Good Shepherd Lutheran

The Answer Is Jesus
America is facing tumultuous times. Political unrest is increasing. The racial divide is deepening. Fear and frustration swirl frantically. When we see the images of violence, anger, frustration and unrest on our televisions it helps to remember how Jesus would have reacted: “…He had compassion on them, because they were harassed and helpless, like sheep without a shepherd.”
Christians are uniquely equipped to thrive in tumultuous times, not because we’re great, but because our God is.

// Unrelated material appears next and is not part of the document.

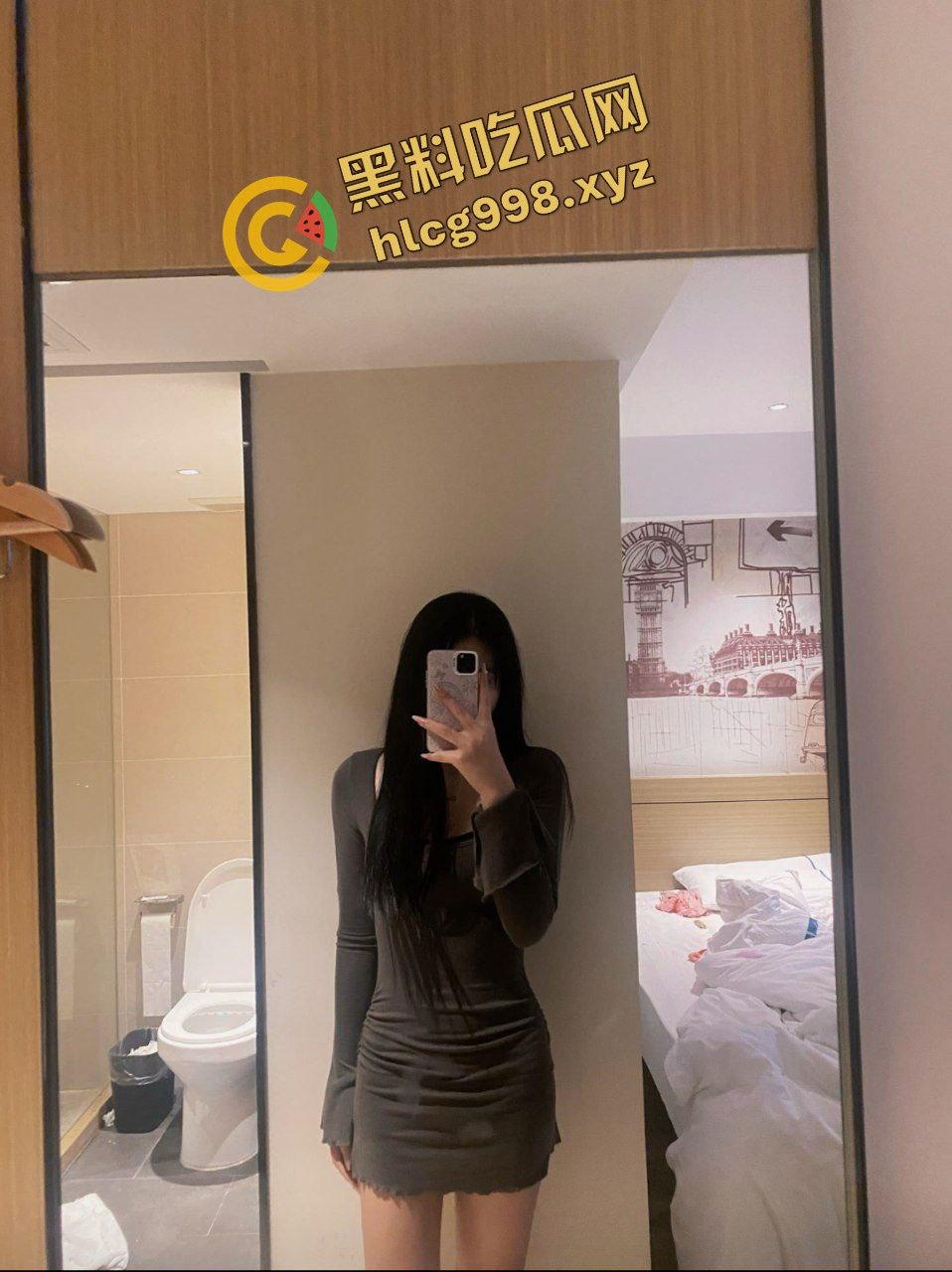 快手小情侣骚货『王雅悦』与男友出没各种酒店 毛笔插逼 激情四射!喜欢记录美好性爱 独家曝光!-3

Whether it’s through media stories, political reports, or comedy skits, Christians are often characterized as whiny, entitled children. We’re portrayed as bigoted hate-mongers, looking down on others while blinded to our own shortcomings and unable to see past that great big beam we have lodged in our own eye when trying to remove a splinter from someone else’s. We’re typecast as outdated, overrated and irrelevant.
But, when someone meets an actual Christian these days, they’re often intrigued because we don’t fit the stereotype. We hold strong convictions, which is unusual in itself in today’s world, and we try to express them with gentleness and respect (1 Peter 3:15). We don’t demonize those we disagree with. We try to treat them with charity in the same way we’d want them to treat us (Matthew 7:12). And we do our best to encounter and engage others with humility because we know that we’re imperfect and we need God’s saving grace as well.
That’s why 1 Peter 2:12 tells us to: “Live such good lives among the unbelievers that, even though they accuse you of doing wrong, they may see your good deeds and glorify God on the day he visits us.” Because when Christians engage their neighbors with courageous, humble, honest, servant-hearted love, people’s hearts are changed.
Christians know Jesus offers a better way, but we can’t just tell folks Jesus is the answer and expect peace. The issues are far too complex and wounds too deep to just add another band-aid and hope that everything will be fine. The hard work of praying, fasting, listening, learning, confessing, repenting, forgiving, and changing is required on all sides.
For those who have had to endure suffering and injustice, I encourage you to continue to build and strengthen a resilient faith. Many of our forefathers endured oppression, but they grew in faith in spite of the many roadblocks placed in their way. We need to see that resilience now. Entrenched injustice won’t be corrected overnight, but we are still a family in Christ. The Lord calls us to “hope” all things, including hoping for and seeing the best in our fellow believers, even when we hurt, confuse, or disappoint each other.
In spite of our many failings, in Jesus we are enough because “[Jesus] is our peace, who has made us one and has broken down in his flesh the dividing wall of hostility.” (Ephesians 2:14). Looking for unity and reconciliation? The answer is Jesus.